Americans wanting to see Adrian Lyne's new film version of "Lolita" this spring are in roughly the same position as the Americans who wanted to read Nabokov's novel when it was first published more than 40 years ago -- you have to go to Europe to do it. So I left for London two weeks ago, with decidedly mixed feelings.
When I first heard that Adrian Lyne was filming "Lolita," I swore that I wouldn't cross the street to see it, much less the Atlantic. "Lolita" is my favorite novel, and I had no desire to see what the director of "Nine 1/2 Weeks," "Fatal Attraction" and "Indecent Proposal" would do when he got his sleazy mitts on it. But, as every major American movie studio refused to release Lyne's "Lolita," it angered me that I wasn't even going to have the choice. A week before I went to London, Showtime announced that it would premiere the film in America in August. That's a gutsy move and one that Showtime should be praised for, but the political and cultural controversy around the film remains galling.
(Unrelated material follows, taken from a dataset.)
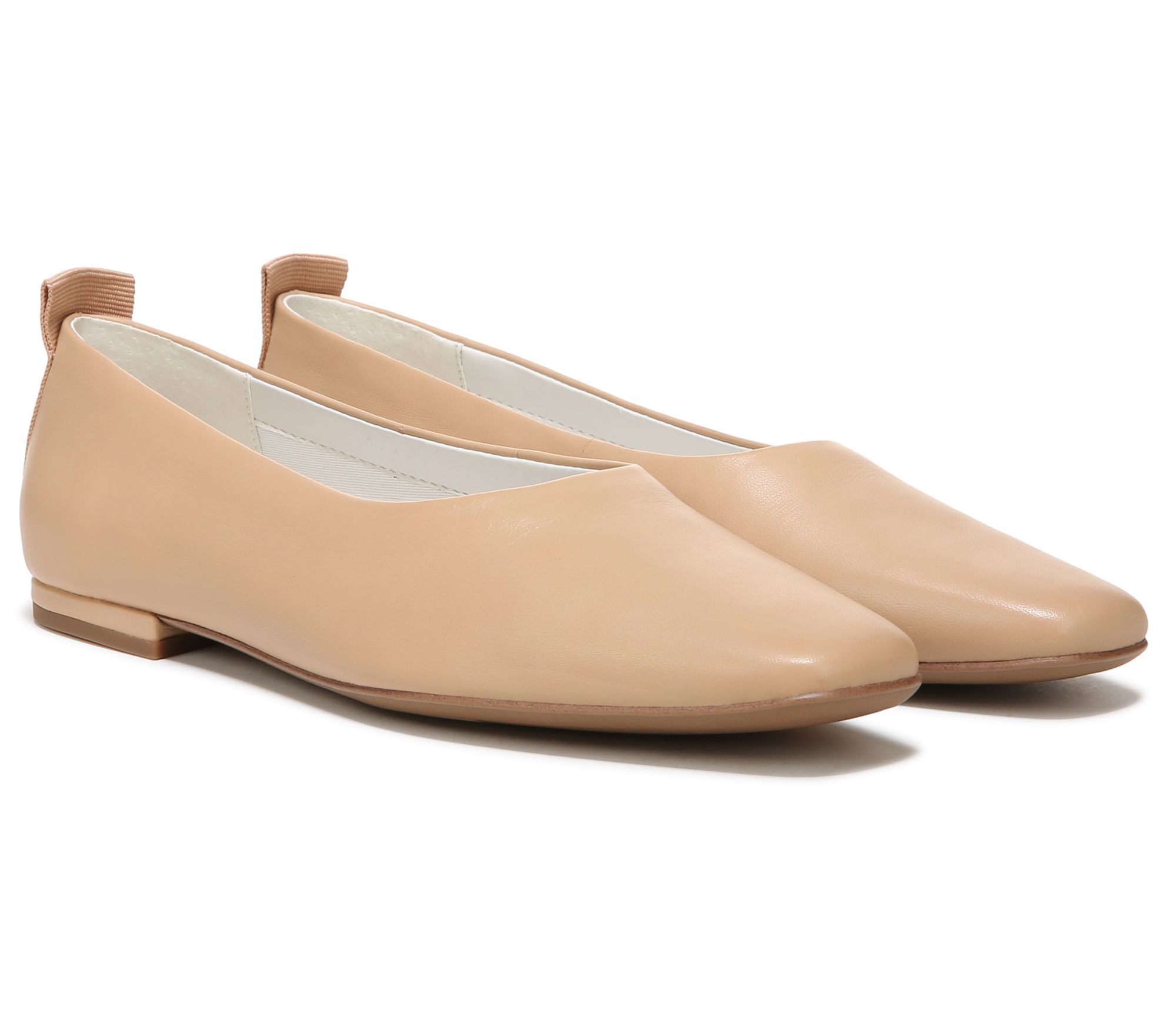 Franco sarto 2025 flat shoes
It's virtually unheard of for every major American movie studio to refuse to distribute a major movie made by a name director with name stars. The studios would like to paint the movie's fate as the result of a business decision pure and simple: "Lolita" couldn't earn enough profits to make up for the pressure they'd have to face from the government or watchdog groups. But when the studios' refusal to release a film prevents the public from seeing it at all, the effect is no different from censorship -- and more insidious because there's no avenue of legal recourse. The studios can't be blamed for creating today's cultural climate; we have to take the rap for that.
"You cannot divorce a work of art from the cultural climate in which it locates itself," wrote Paul Vallely in a craven piece in London's Independent newspaper, arguing that "Lolita" could act as a dangerous incitement to pedophilia. Vallely goes on to list the usual horrors: the children killed in Belgium's pedophile ring, child porn on the Internet, the Ramsey murder. He was almost as hysterical as London's tabloid Daily Mail, which screamed, "Perverts will flock to this travesty." On one point, though, Vallely is right. Lyne's "Lolita" cannot be divorced from the society that produced it. However, that moment seems defined less by violence directed at children (which, sadly, is nothing new) than by a terror of acknowledging that sexuality plays any part in childhood at all.
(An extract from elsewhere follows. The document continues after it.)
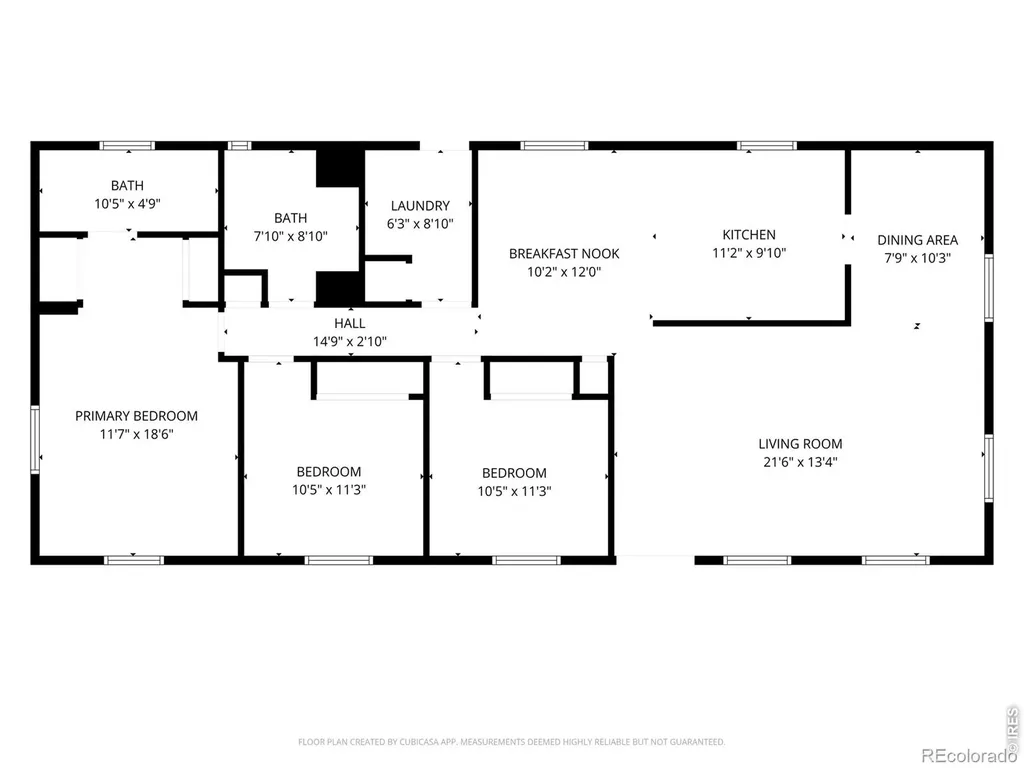 3906 Yosemite Drive Greeley CO 80634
Our particular cultural climate has produced urban myths -- like the unsupported belief that a chain of Satanic cults engages in ritual child abuse -- and legislation like the Child Pornography Protection Act. Currently under review in the U.S. 9th Circuit Court of Appeals, the CPPA defines child pornography as "any visual depiction ... that is or appears to be of a minor engaging in sexually explicit conduct." Pay attention to that language -- "that is or appears to be." Under that definition, child pornography isn't just the stuff that is already illegal -- actual child pornography -- but any movie or TV show with a sex scene that includes an underage actor, or even an adult actor merely playing an underage character. In other words, "child pornography" would be extended to include the bedroom scene between Leonardo DiCaprio and Claire Danes in "Romeo + Juliet," the scene of Tom Hanks fondling Elizabeth Perkins' breast in "Big," the episode of "Buffy the Vampire Slayer" in which Buffy sleeps with Angel and "The Tin Drum," which Oklahoma police, citing the CPPA, seized from the homes of several people who had rented it last year.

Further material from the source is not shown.